Меншиков протяжно вздохнул.

— Ну как ты его добудешь? Поскачешь в Германию, другие ключи искать?

— Не, он добудет, — поддержал племянника Талызин. — У него дельные прожекты в голове. Он парень хват.

Меншиков досадливо похлопал себя по затылку.

— Ох уж мне эти прожекты, вон где сидят. Каждый день толкутся, кто с делом, а кто и так. Ладно, порешим вот на чем. Нынче с утра ко мне не заявляйтесь, дайте проспаться с похмелья. А вечером приходите ненадолго, вместе прикинем, как тебя перед государем императором обелить совсем, чтоб ты снова в фавор вошел. Ну помни, Никита Васильич, сухая ложка рот дерет! Ты это поимей в виду.

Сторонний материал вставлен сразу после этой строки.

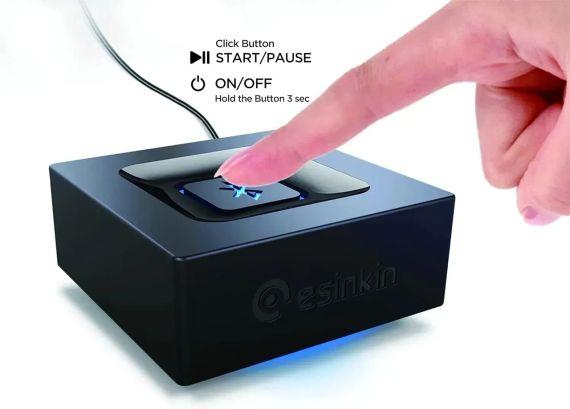 Аудіоадаптер Esinkin Bluetooth для колонок, стереосистем та ПК | Зображення 3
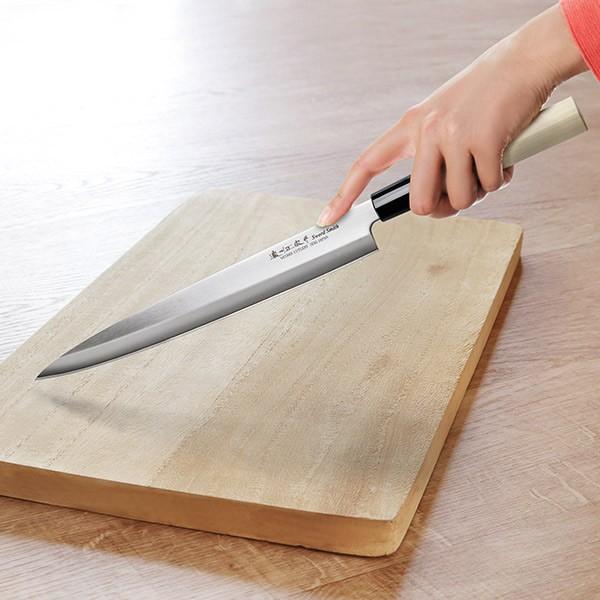 刺身包丁 27cm 濃州正宗 日本製 ステンレス 白木柄 ( 刺身 包丁 刺身包丁 27cm 濃州正宗 日本製 ステンレス 白木柄 ( 刺身 包丁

Глава 20 О ЧЕМ БЕСЕДУЮТ ИЕЗУИТЫ

Когда был взят русскими Кронборг Бонифатию Лех-Кружаль- скому удалось выбраться из крепости вместе с крестьянским обозом, взятым для вывозки трупов и для других военных повинностей. Часовые у подъемного моста осветили его фонарем, чуть не подпалив брови, но не узнали, хотя обергевалдигер распорядился на всех постах иметь точное описание внешности опасного лазутчика. Бонифатий раздобыл крестьянскую одежду из домотканины, худую шапчонку. Он оброс седой щетиной, нарочно горбился.

— Проезжай, не задерживайся на мосту! — сердито крикнул солдат. — С души воротит глядеть, как таскают мертвяков…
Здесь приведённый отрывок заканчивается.